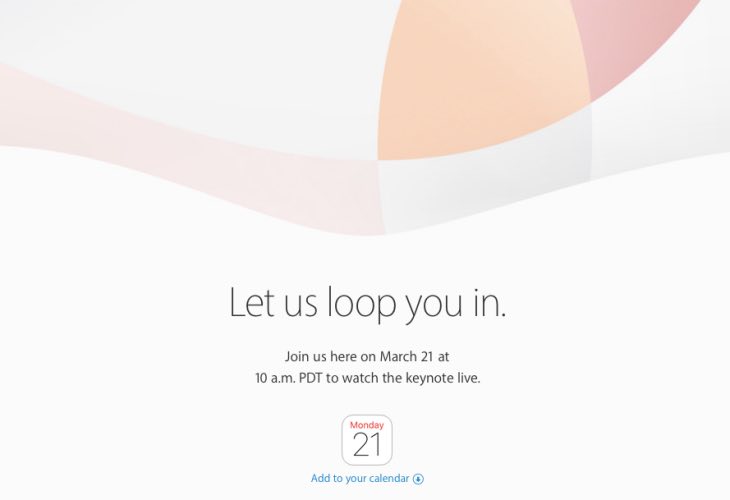 apple-event-march-21-2016-event
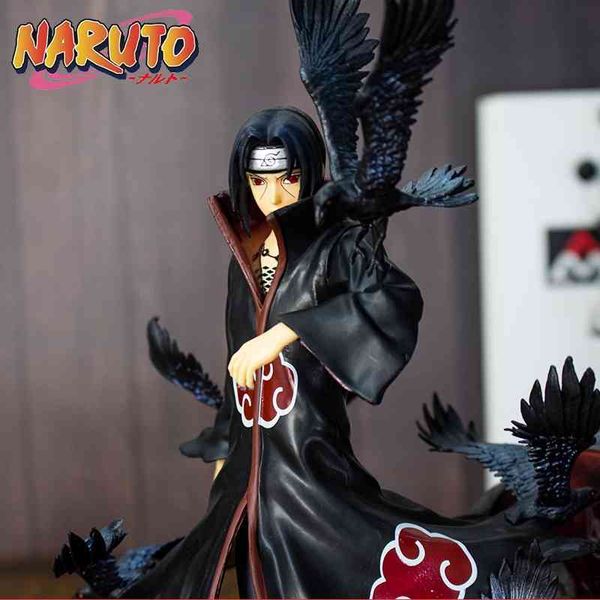 fire shadow ninja organization gk yuzhibo crow weasel god play hall model decoration statue limited
fire shadow ninja organization gk yuzhibo crow weasel god play hall model decoration statue limited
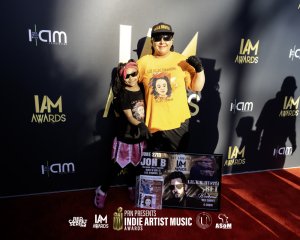 I-Am-Awards-2024-Courtesy-of-DJ-Unique-ASOM-Global-Creations-Photos-by-Dumisani-Maraire-Jr.-84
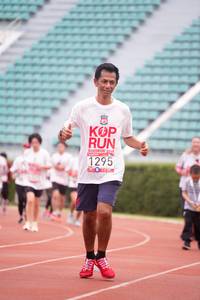 BIB: 2010, 1295
                            <button type="button" onclick="openModal(6053364)" class="btn btn-primary btn-sm float-right btn-popup" data-toggle="modal" data-target=".modal-high-quality">
                        <i class="fas fa-shopping-cart"></i> Add to Cart
                    </button>
                                            <button type="button" onclick="isThisMe(6053364, true)" class="btn btn-success btn-sm float-right btn-popup btn-isme hidden" data-toggle="tooltip" data-placement="bottom" title="นี่คือรูปของคุณใช่ไหม คลิกที่นี่เพื่อเอาเข้าอัลบั้ม">
                        <i class="fas fa-plus"></i> Add to album
                    </button>
                    <button type="button" onclick="isThisMe(6053364, false)" class="btn btn-warning btn-sm float-right btn-popup btn-isnotme hidden">
                        <i class="fas fa-ban"></i> Remove from album
                    </button>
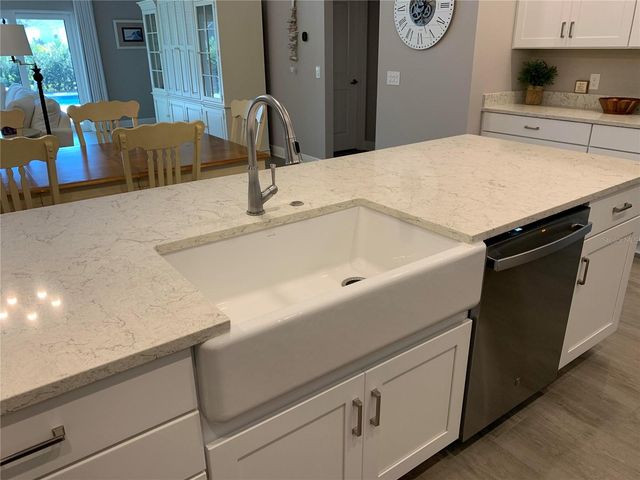 775 SHIVERS LOOP, The Villages, FL 34762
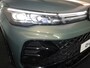 Volkswagen Tiguan 1.5 eHybrid R-Line Edition 204 pk Automaat (DSG) | Verlengde garantie | Navigatie | Parkeersensoren (Park assist) | Rondomzicht camera | Stoelverwarming v/a | Black Style pakket | R-Line |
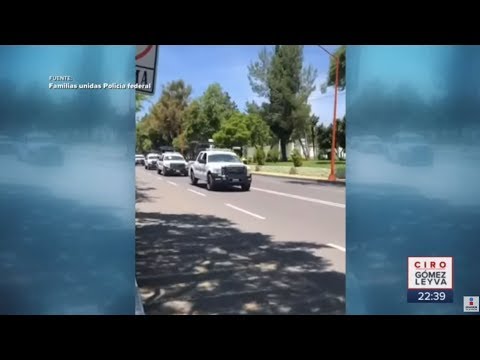 se-burlan-de-camionetas-que-entregarán-a-la-guardia-nacional-|-noticias-con-ciro-gómez-leyva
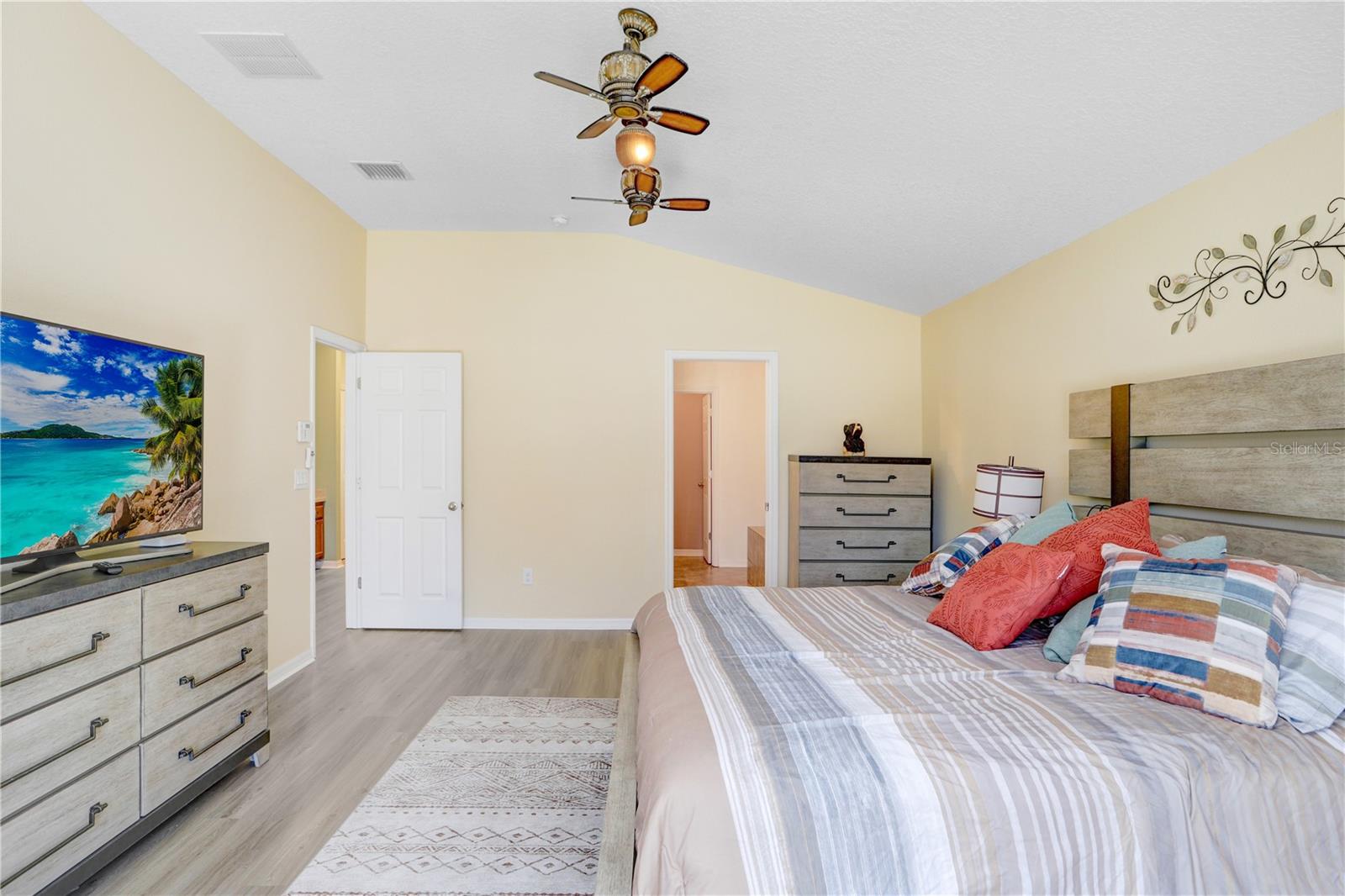 Residential in PLANT CITY 2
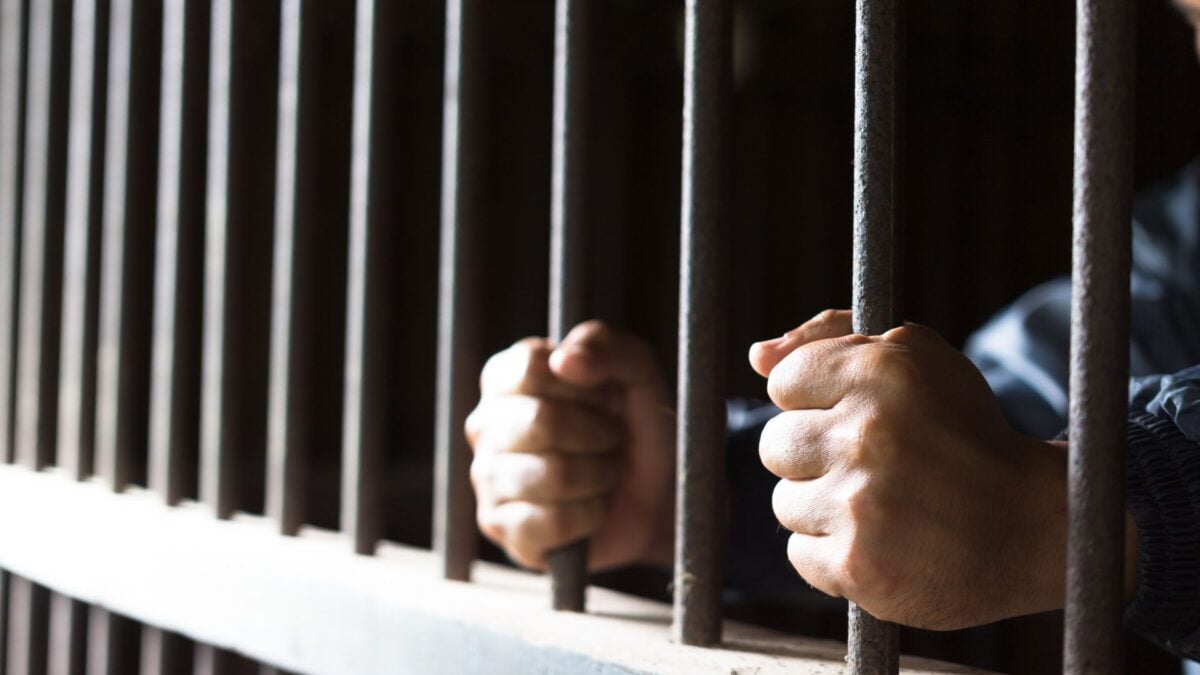 Scientists Find Intriguing Link Between Ozempic and Violent Behavior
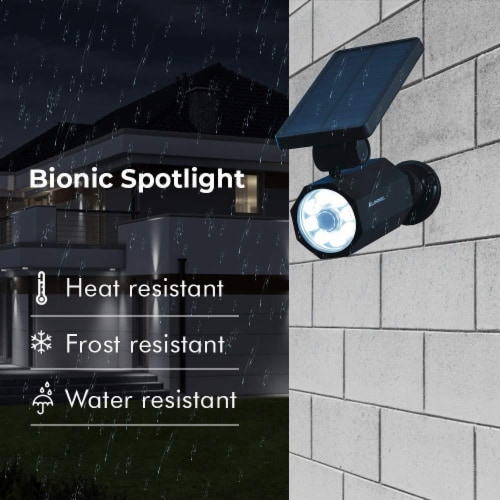 Bionic spotlight on sale near me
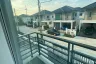 3 Bedroom House for rent in Baan Pruksa Nara Chaiyapruk 2 - Jomtien, Huai Yai, Chonburi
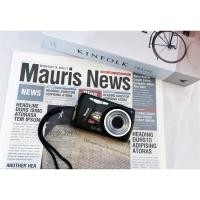 ราคา Kodak EasyShare M757 (25372456245)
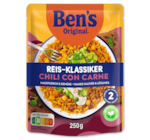 BEN’S ORIGINAL Reis-­Klassiker 1.69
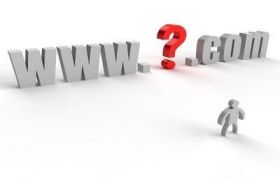 Website Creation: Designing the Digital Gateway to Success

ASSIGNMENT: Return every line above verbatim, pictures excluded.

ANSWER TO THIS TASK:
 apple-event-march-21-2016-event
 fire shadow ninja organization gk yuzhibo crow weasel god play hall model decoration statue limited
fire shadow ninja organization gk yuzhibo crow weasel god play hall model decoration statue limited
 I-Am-Awards-2024-Courtesy-of-DJ-Unique-ASOM-Global-Creations-Photos-by-Dumisani-Maraire-Jr.-84
 BIB: 2010, 1295
                            <button type="button" onclick="openModal(6053364)" class="btn btn-primary btn-sm float-right btn-popup" data-toggle="modal" data-target=".modal-high-quality">
                        <i class="fas fa-shopping-cart"></i> Add to Cart
                    </button>
                                            <button type="button" onclick="isThisMe(6053364, true)" class="btn btn-success btn-sm float-right btn-popup btn-isme hidden" data-toggle="tooltip" data-placement="bottom" title="นี่คือรูปของคุณใช่ไหม คลิกที่นี่เพื่อเอาเข้าอัลบั้ม">
                        <i class="fas fa-plus"></i> Add to album
                    </button>
                    <button type="button" onclick="isThisMe(6053364, false)" class="btn btn-warning btn-sm float-right btn-popup btn-isnotme hidden">
                        <i class="fas fa-ban"></i> Remove from album
                    </button>
 775 SHIVERS LOOP, The Villages, FL 34762
 Volkswagen Tiguan 1.5 eHybrid R-Line Edition 204 pk Automaat (DSG) | Verlengde garantie | Navigatie | Parkeersensoren (Park assist) | Rondomzicht camera | Stoelverwarming v/a | Black Style pakket | R-Line |
 se-burlan-de-camionetas-que-entregarán-a-la-guardia-nacional-|-noticias-con-ciro-gómez-leyva
 Residential in PLANT CITY 2
 Scientists Find Intriguing Link Between Ozempic and Violent Behavior
 Bionic spotlight on sale near me
 3 Bedroom House for rent in Baan Pruksa Nara Chaiyapruk 2 - Jomtien, Huai Yai, Chonburi
 ราคา Kodak EasyShare M757 (25372456245)
 BEN’S ORIGINAL Reis-­Klassiker 1.69
 Website Creation: Designing the Digital Gateway to Success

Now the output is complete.